Regex.Replace(myJSON, "(\"(?:[^\"\\\\]|\\\\.)*\")|\\s+", "$1")
should do it. It makes sure that strings that contain space characters are preserved, and all other space characters are discarded. All JSON keywords (false
, true
, null
) have to be separated by commas or other punctuation so only white-space inside strings needs to be preserved.
The first option (\"(?:[^\"\\\\]|\\\\.)*\")
matches a double quoted string. The (...)
mean that the output is captured and available in the replacement as $1
. The [^\"\\\\]
matches any character except a double quote or escape character \
.
Since matching occurs left-to-right, the second option, \s+
will not match space inside a string.
So we match whole strings, and spaces outside strings. In the former case, $1
is the string token, and in the latter case $1
is the empty string because group 1 was not used.

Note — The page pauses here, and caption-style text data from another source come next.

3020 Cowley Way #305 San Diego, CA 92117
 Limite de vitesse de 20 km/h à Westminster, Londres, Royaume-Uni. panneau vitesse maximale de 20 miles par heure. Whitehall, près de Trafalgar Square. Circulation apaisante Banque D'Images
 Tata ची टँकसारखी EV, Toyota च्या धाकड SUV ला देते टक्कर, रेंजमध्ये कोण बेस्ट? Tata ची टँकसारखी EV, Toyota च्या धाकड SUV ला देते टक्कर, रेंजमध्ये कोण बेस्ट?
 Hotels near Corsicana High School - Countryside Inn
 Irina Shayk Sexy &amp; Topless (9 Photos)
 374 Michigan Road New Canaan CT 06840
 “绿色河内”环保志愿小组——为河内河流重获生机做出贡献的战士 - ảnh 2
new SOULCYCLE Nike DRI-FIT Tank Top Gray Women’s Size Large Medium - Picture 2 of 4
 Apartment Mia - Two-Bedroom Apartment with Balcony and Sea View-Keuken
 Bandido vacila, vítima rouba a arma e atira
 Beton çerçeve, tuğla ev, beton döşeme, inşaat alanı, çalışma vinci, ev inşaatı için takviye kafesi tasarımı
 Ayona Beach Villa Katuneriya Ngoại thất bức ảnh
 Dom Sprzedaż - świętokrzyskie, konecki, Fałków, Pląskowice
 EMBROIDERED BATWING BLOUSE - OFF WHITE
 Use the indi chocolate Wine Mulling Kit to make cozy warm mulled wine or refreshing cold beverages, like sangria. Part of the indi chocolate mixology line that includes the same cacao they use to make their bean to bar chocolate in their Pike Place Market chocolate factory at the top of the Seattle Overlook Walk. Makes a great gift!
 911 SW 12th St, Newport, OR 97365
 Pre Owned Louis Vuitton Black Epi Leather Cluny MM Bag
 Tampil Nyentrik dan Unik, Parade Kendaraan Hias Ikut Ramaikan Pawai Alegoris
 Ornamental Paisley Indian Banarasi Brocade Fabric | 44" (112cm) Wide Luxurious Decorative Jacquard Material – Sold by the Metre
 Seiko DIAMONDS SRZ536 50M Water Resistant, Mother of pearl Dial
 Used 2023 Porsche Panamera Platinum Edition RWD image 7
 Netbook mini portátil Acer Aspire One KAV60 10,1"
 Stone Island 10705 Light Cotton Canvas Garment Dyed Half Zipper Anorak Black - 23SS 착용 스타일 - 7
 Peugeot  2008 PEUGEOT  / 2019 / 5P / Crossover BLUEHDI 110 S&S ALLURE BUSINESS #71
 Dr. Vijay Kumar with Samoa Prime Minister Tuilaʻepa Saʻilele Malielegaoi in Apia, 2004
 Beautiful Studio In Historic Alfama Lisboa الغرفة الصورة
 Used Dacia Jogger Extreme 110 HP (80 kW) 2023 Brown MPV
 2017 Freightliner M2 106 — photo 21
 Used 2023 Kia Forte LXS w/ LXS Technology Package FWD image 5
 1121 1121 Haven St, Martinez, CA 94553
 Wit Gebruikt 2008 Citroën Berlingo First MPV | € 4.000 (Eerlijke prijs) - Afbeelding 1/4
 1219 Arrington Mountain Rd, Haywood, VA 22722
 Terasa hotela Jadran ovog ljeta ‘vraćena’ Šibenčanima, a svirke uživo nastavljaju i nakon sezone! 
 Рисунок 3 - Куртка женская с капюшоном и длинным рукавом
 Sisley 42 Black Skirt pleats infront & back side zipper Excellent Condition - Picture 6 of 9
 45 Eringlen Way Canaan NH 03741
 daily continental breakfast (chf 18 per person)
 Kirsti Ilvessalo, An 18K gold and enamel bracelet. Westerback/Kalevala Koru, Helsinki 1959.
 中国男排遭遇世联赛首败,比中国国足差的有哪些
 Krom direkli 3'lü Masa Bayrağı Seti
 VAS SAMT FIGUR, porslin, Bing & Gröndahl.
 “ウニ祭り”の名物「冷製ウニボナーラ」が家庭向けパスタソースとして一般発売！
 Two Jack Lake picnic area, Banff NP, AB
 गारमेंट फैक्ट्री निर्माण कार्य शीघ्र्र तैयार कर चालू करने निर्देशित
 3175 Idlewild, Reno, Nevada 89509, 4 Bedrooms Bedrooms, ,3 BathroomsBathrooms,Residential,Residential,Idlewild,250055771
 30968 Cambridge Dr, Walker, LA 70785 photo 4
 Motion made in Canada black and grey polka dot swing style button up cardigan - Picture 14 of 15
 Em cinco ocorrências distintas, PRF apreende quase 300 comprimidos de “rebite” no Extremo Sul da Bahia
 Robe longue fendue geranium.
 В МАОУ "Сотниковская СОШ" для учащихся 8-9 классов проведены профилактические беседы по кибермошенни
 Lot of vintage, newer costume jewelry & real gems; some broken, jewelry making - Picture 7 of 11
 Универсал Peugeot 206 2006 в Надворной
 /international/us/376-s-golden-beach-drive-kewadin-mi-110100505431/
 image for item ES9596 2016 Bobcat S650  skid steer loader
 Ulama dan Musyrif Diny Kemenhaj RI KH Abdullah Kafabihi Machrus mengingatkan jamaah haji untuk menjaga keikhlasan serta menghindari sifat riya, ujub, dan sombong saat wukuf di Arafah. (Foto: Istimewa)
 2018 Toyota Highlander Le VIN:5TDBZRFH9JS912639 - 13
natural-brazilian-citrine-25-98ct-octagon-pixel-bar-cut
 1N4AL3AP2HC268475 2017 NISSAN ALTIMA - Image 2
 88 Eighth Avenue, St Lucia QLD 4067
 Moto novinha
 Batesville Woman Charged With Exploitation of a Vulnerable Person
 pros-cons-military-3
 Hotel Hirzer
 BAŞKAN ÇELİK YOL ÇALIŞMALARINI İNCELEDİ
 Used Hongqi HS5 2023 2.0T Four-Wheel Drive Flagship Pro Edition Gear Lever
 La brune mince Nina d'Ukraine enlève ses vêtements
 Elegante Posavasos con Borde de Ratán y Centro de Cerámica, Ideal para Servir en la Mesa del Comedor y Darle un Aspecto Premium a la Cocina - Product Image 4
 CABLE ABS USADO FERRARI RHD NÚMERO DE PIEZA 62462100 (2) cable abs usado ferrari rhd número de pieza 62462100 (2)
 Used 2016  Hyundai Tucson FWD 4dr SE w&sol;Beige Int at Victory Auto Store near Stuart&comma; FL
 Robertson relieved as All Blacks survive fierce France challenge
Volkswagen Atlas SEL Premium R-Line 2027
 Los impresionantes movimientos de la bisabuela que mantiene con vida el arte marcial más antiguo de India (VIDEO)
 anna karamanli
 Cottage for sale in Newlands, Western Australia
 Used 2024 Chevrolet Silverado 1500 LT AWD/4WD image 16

This works as intended because
- the only tokens in JSON that can contain spaces are double-quoted strings. There are no single-quoted strings or comments in JSON.
- the JSON grammar requires single-character punctuation between all multi-character tokens, so removing space will not merge tokens. In JavaScript, this could be problematic because space is required to break tokens;
var x=0
is different from varx=0
and x - -(y)
is different from x--(y)
.